Theoretically anti-histamines should relieve the inflammation (although they don’t claim to relieve it completely). After seven years I insisted on steroid medication, despite knowing all about the thinning effects on the skin; I simply couldn’t take any more. Steroids are considered a last resort by the medical profession because of the risk of osteoporosis in later life, so I was incredibly relieved when my nagging paid off and Dr T finally agreed to a short course. Each short course had a cumulative effect so eventually he agreed to a continual prescription at a low dose. I remember him remarking as he wrote the prescription: “Your GP won’t like this”. Sometimes you know your own skin better than any expert.

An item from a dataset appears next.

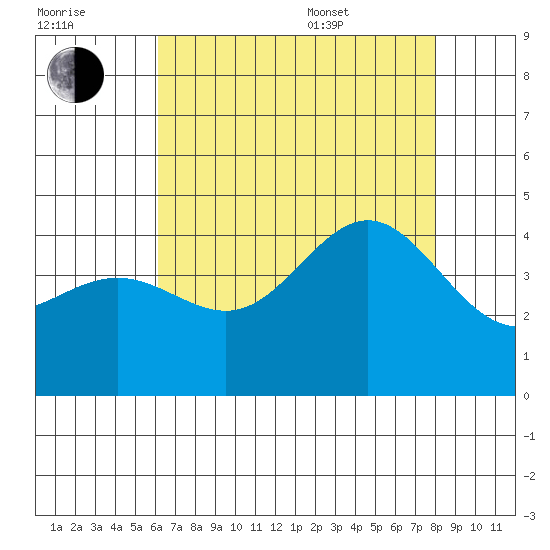Bechers Bay tide chart for Saturday, July 31, 2021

Dr T tried to warn me off steroids with talk of weight gain and he was right: I put on a stone and it changed my shape for life. When I stopped taking the steroids, most of the weight fell off, but I was left with a little pot belly and now look permanently three months pregnant. Whenever I try and lose weight, it comes off my face and neck first and I look old and haggard.

Towards the end Dr T worried me slightly by asking for a bone density test. I never got round to weight training to strengthen my bones, nor do I get much vitamin D because I am always slathered in sun block. I would be devastated if he took me off steroids. But that’s a whole other blog post.